The functional impact of pectus excavatum is frequently underestimated in primary care. A Haller index ≥3.25 on CT, documented cardiac displacement, or reduced exercise tolerance on formal testing are objective functional criteria — not cosmetic. Even where measured function is normal, the psychological and quality-of-life impact is significant and is a legitimate surgical indication. A specialist assessment with proper imaging will clarify which applies to your case.

The Nuss procedure is minimally invasive — two small lateral incisions, no cartilage removal, a curved bar inserted behind the sternum and flipped to push it forward. The bar remains in place for 2–3 years while the chest wall remodels, then is removed under a short general anaesthetic. The Ravitch procedure is an older open technique involving removal of abnormal cartilage and repositioning of the sternum through a larger incision. It is still appropriate for certain patients — particularly adults with rigid chest walls or complex asymmetric deformities. Mr Scarci will recommend the most appropriate approach based on your anatomy and age.

The Nuss procedure leaves two small scars on the lateral chest wall, typically 2–3 cm each. These are positioned in the natural shadow under the arm and fade significantly over 12–18 months. Open Ravitch-type procedures leave more extensive scarring. Mr Scarci uses minimally invasive approaches wherever possible.
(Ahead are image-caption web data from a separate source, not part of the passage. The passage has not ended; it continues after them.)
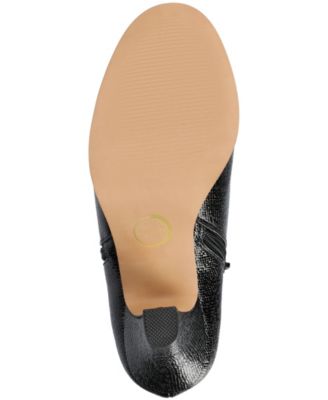 Women's Sanzi Inside Zip Block Heel Booties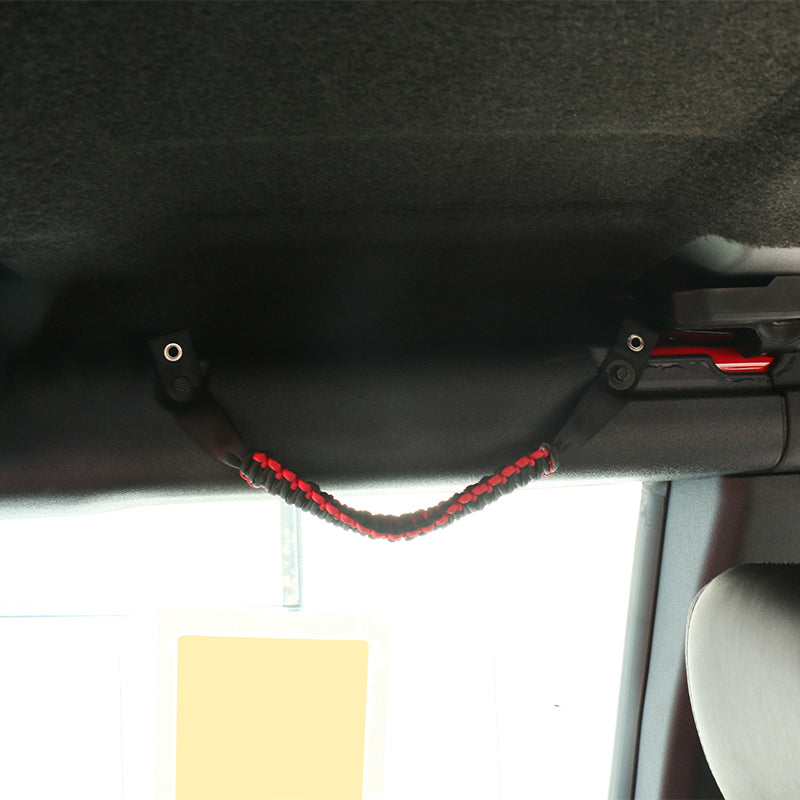 2021-2025 Ford Bronco 2/4Dr 4PCS Nylon Roll Bar Grab Handles Grip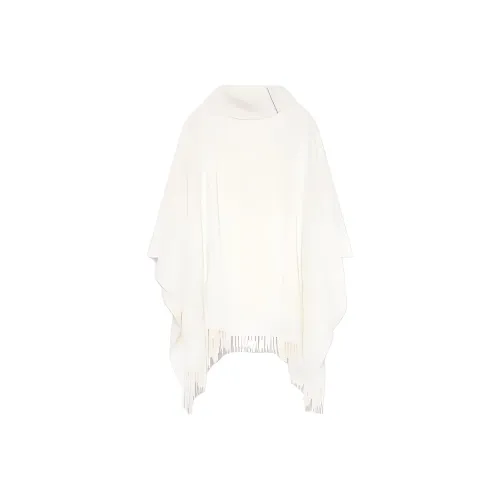 Fabiana Filippi Экрю Женские Плащи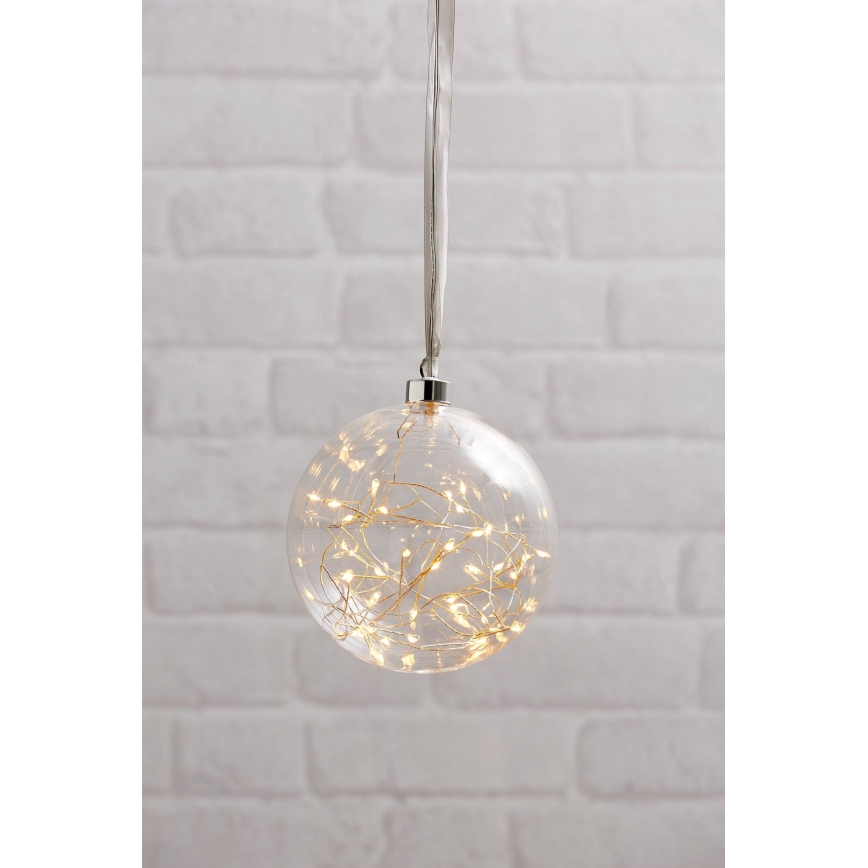 Eglo - LED karácsonyi dekoráció 40xLED/0,064W/3/230V átm. 15 cm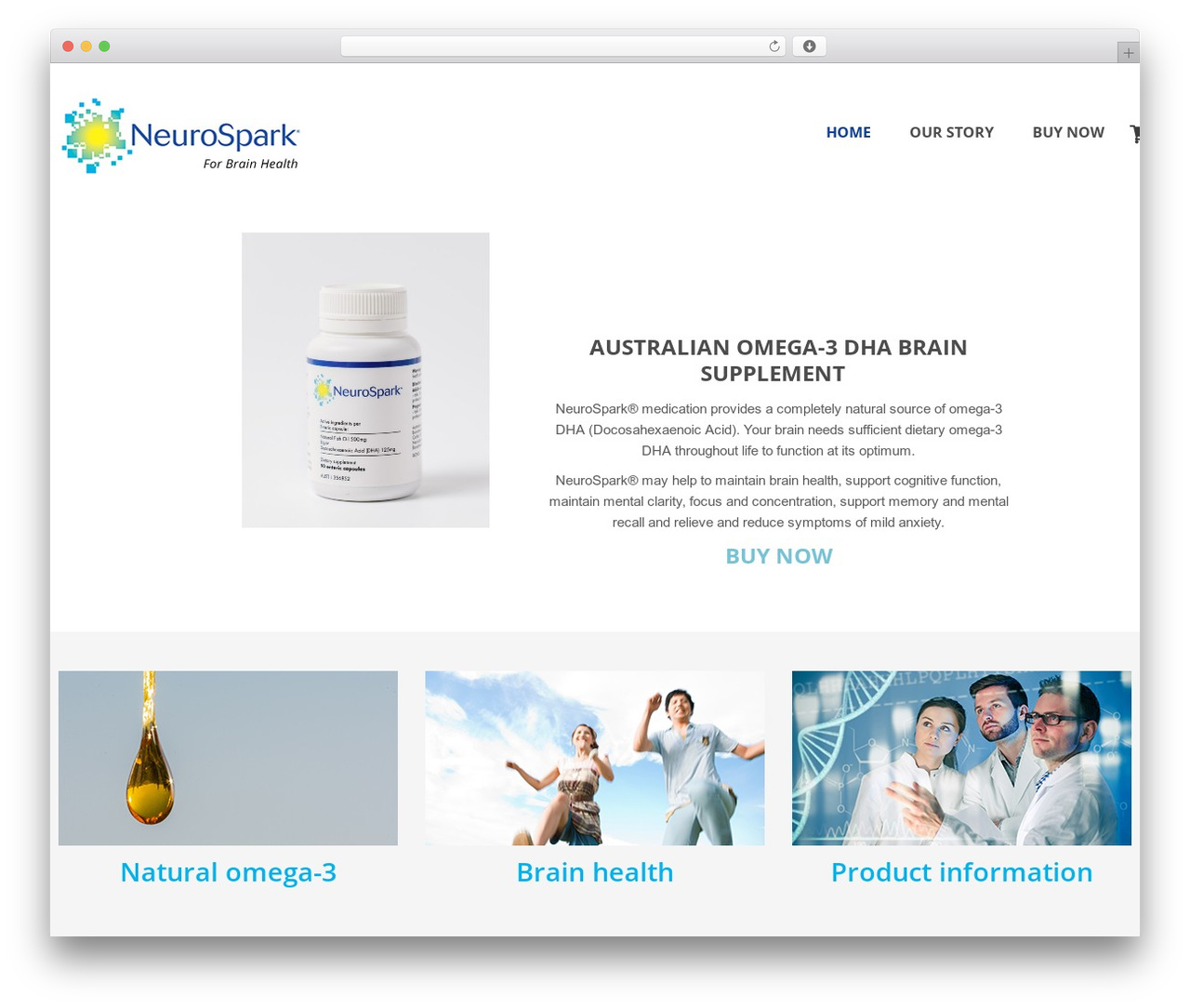 theme47106 theme WordPress - neurospark.com.au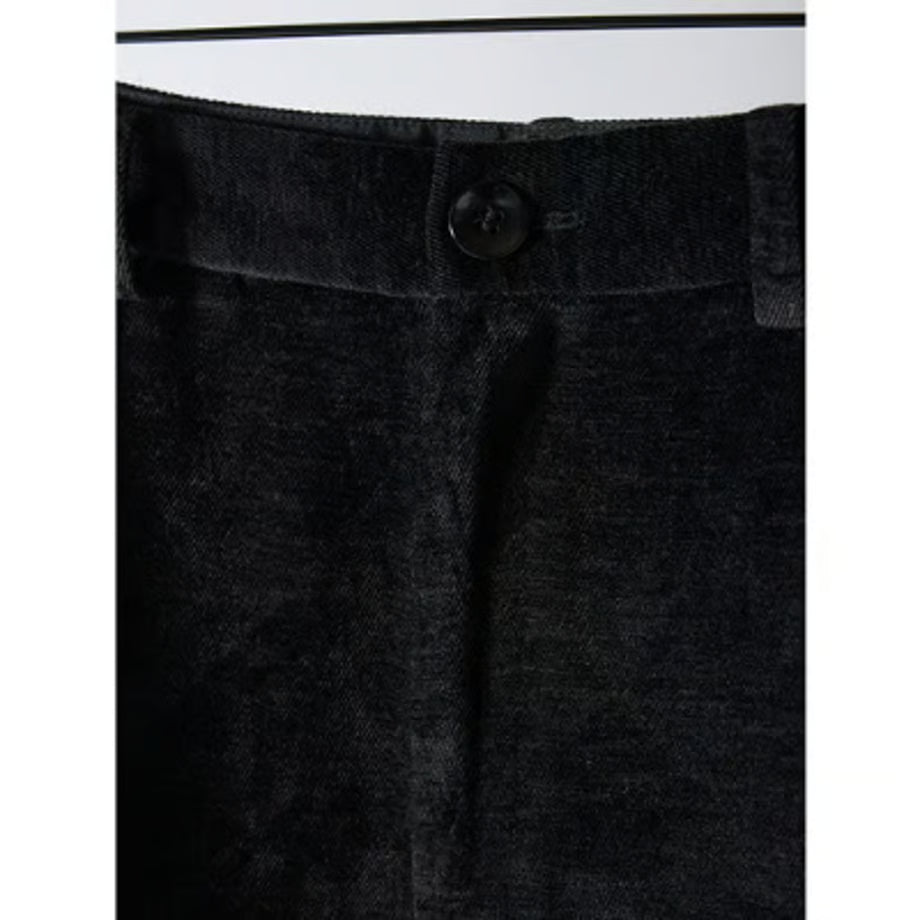 【YENN LIMITED ORDER】 MOLE TWILL TUCK WIDE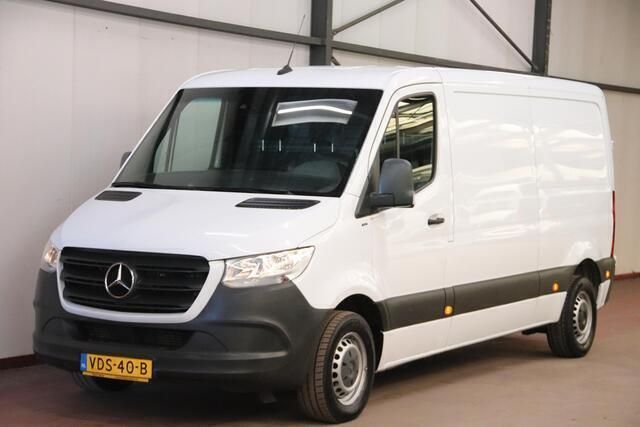 Wit Gebruikt 2020 Mercedes Sprinter Van | € 17.900 (Super prijs) - Afbeelding 1/4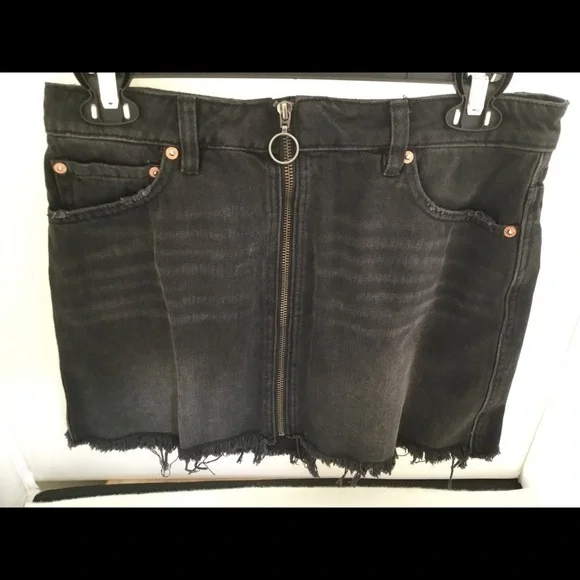 Nwt‎ MINI SKIRT DENIM BY FREE PEOPLE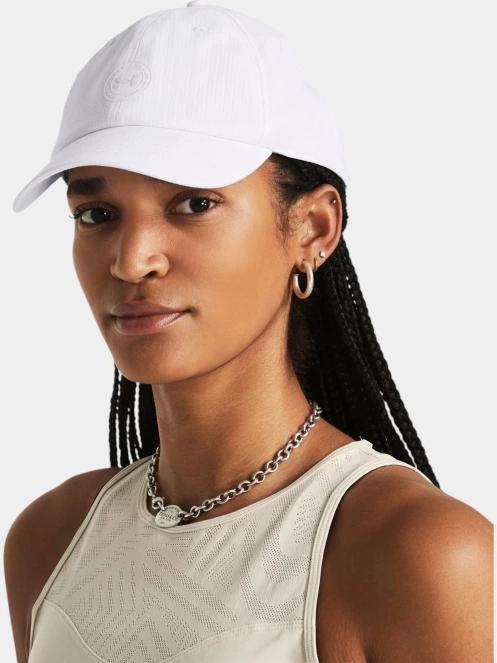 Under Armour W Iso-chill Armourvent Adj női baseball sapka fehér színben 4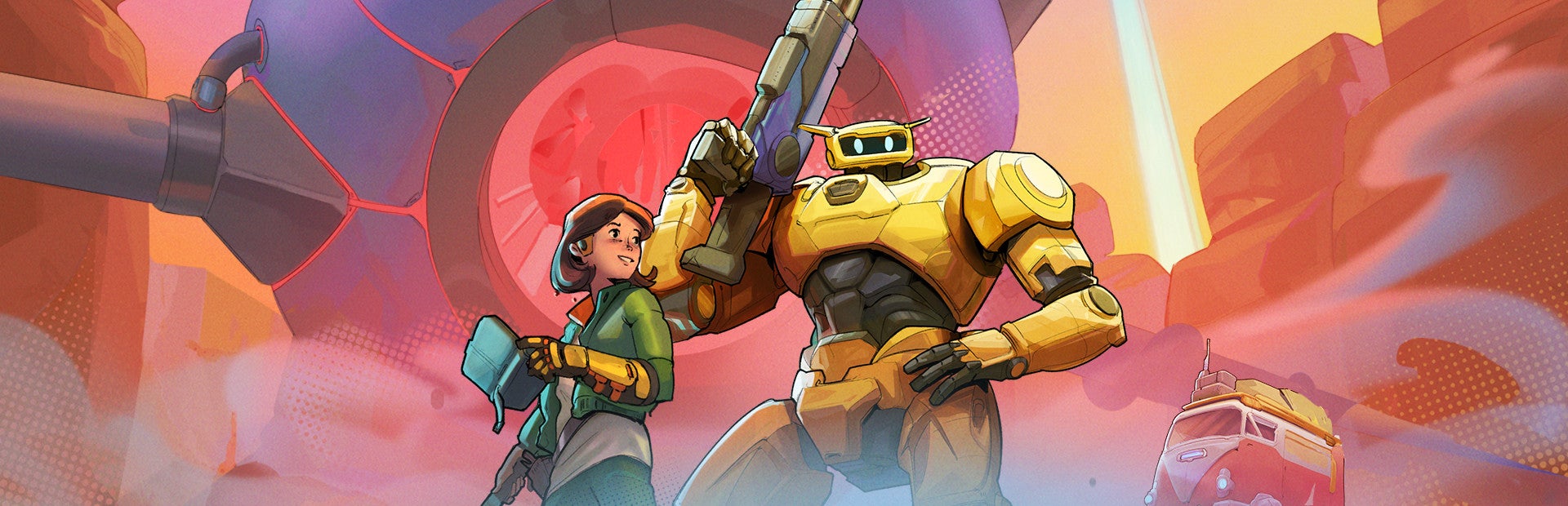 Roboquest Pcgamesn - Premium Gradient Art Gallery - Full HD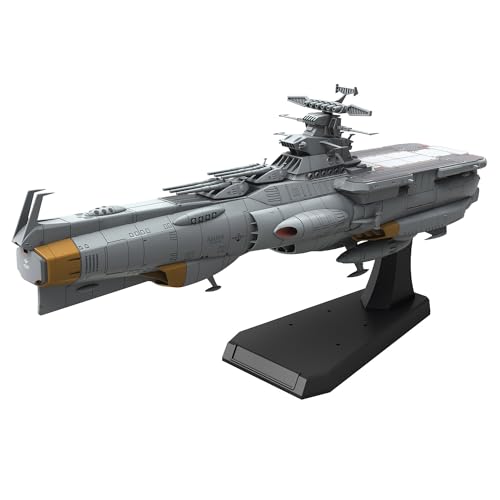 BANDAI HOBBY Space Battleship Yamato - 1/1000 EFCF Asuka Class Fast Combat Support Tender/Amphibious Assault Ship DX, Grau BANDAI HOBBY Space Battleship Yamato - 1/1000 EFCF Asuka Class Fast Combat Support Tender/Amphibious Assault Ship DX, Grau von BANDAI SPIRITS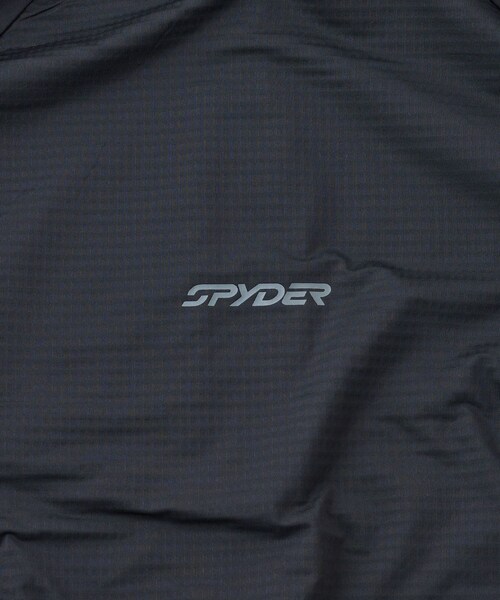 ADAM ET ROPE'(アダムエロペ)の「【SPYDER】GRIDWEB HOODIE(パーカー・レディース・ブラック・L/M)」の8枚目の写真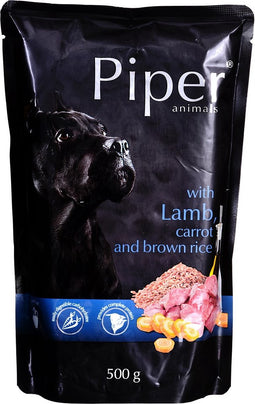Natvoer Dolina Noteci Piper Animals Lam Wortel 500 g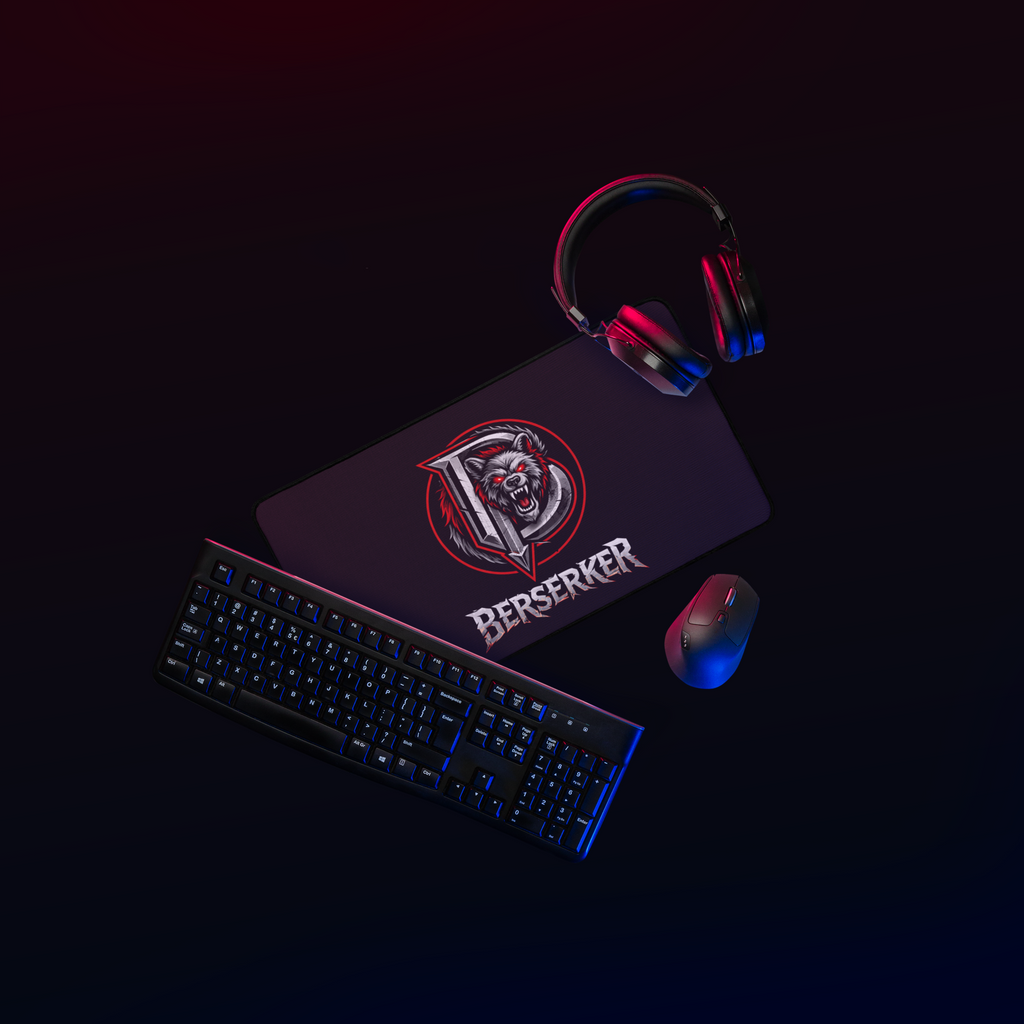 Desk mat berserker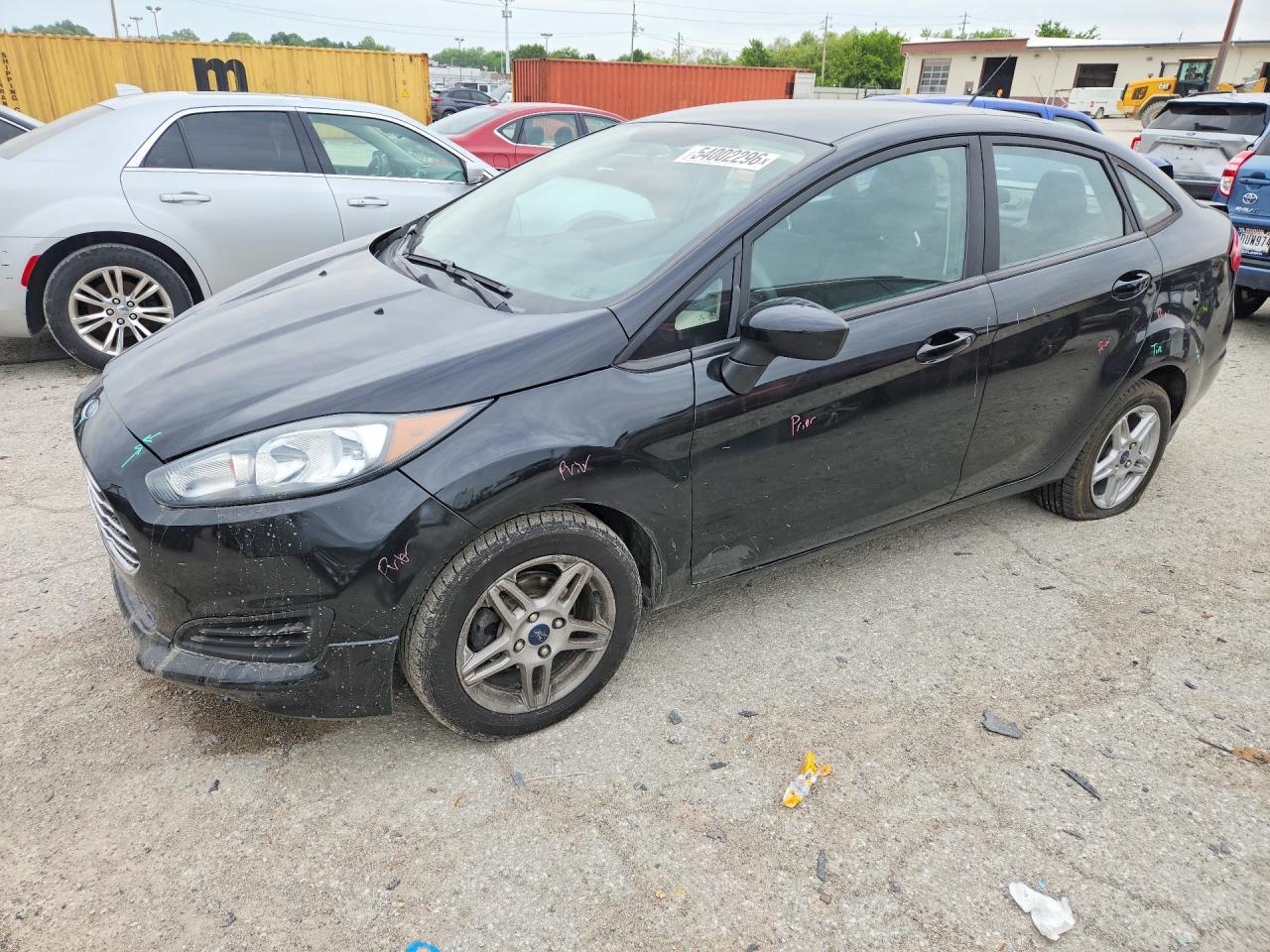 3FADP4BJ5KM111840 · 2019 FORD FIESTA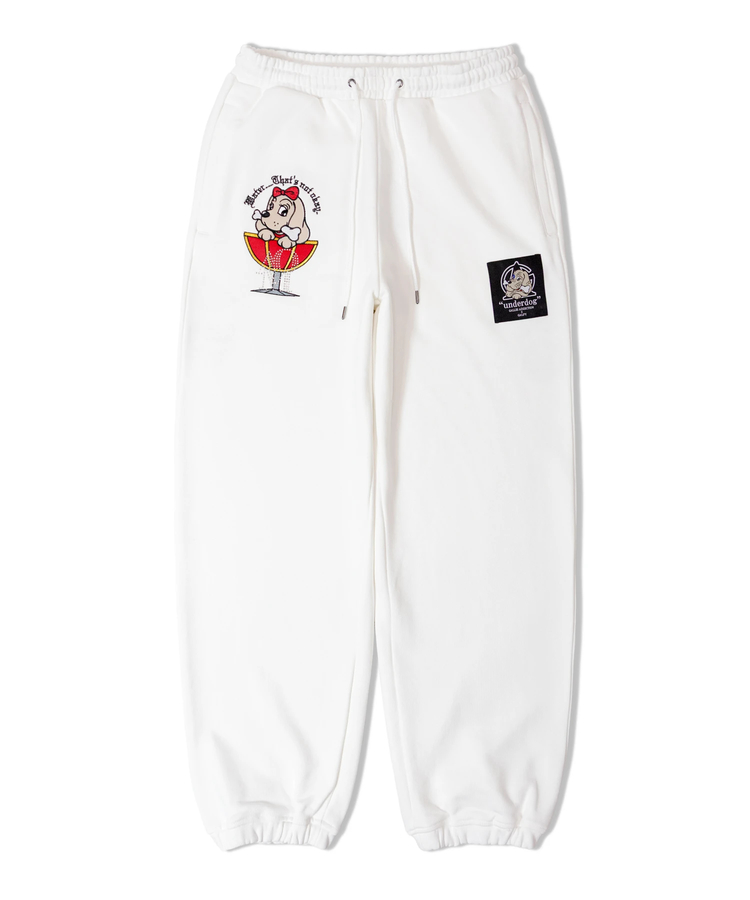 JACKROSE(ジャックローズ) |【AMO×GALFY×GALLIS ADDICTION】愛羅武犬スウェットパンツ(MENS/WOMENS)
NHS funding for pectus surgery in adults is subject to individual funding request (IFR) processes and varies by ICB. Surgery is more commonly funded for cases with documented functional impairment (cardiac compression, reduced exercise tolerance on formal testing). Many patients choose to self-fund or use private health insurance to avoid the IFR process. Mr Scarci’s team can advise on the private pathway and provide documentation to support an NHS funding application where relevant.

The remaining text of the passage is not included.